In a major challenge to the travel industry’s leading websites, search engine giant Google Inc. launched today a new service allowing users to shop for plane tickets as easily as typing a Google search.
Google’s flight search offering is based on technology from ITA Software Inc. of Cambridge, which Google acquired in April for $700 million. Fearing Google would dominate the online travel industry, a number of travel websites formed a coalition in October to oppose Google’s acquisition of ITA. Federal antitrust officials approved the deal only after Google agreed to a number of restrictions aimed at preventing the giant search company from seizing total dominance of the online travel market.
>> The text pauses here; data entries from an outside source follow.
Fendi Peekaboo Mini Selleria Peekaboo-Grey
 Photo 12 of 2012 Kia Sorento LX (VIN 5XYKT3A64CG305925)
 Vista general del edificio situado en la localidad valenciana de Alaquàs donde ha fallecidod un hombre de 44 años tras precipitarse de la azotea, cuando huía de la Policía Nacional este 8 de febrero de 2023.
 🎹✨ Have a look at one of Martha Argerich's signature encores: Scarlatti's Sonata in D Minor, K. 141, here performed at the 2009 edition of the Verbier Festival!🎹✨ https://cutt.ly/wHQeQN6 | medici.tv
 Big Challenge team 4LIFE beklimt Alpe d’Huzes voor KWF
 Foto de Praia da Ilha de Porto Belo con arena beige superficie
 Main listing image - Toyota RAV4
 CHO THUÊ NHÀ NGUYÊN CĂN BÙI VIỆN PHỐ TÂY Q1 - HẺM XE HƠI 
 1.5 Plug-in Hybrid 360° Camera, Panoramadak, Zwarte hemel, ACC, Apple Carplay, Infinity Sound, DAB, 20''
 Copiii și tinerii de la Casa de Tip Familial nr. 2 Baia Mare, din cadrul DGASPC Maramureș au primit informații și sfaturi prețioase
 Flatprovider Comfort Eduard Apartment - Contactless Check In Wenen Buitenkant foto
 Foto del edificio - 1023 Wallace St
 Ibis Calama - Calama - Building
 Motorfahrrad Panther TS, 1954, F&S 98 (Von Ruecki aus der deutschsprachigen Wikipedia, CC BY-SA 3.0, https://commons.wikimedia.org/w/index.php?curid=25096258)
Among the websites that opposed the ITA deal was Kayak.com, a Norwalk, Conn. company with a major software development facility in Concord. Yesterday, Kayak chief marketing officer Robert Birge said his company is well-positioned to fend off its newest competitor. “We know Google is a very prominent brand, but we also know they haven’t been successful in everything they’ve done,” Birge said. ”Right now, we’re very confident in our ability to compete.”
But Carroll Rheem, director of research at PhoCusWright Inc., a travel industry consulting firm in Sherman, Conn., said Google’s flight search service is a significant threat to Kayak and other rival flight booking services, like Expedia.com and Travelocity.com.“It’s the day all the online travel agencies have been dreading,” Rheem said.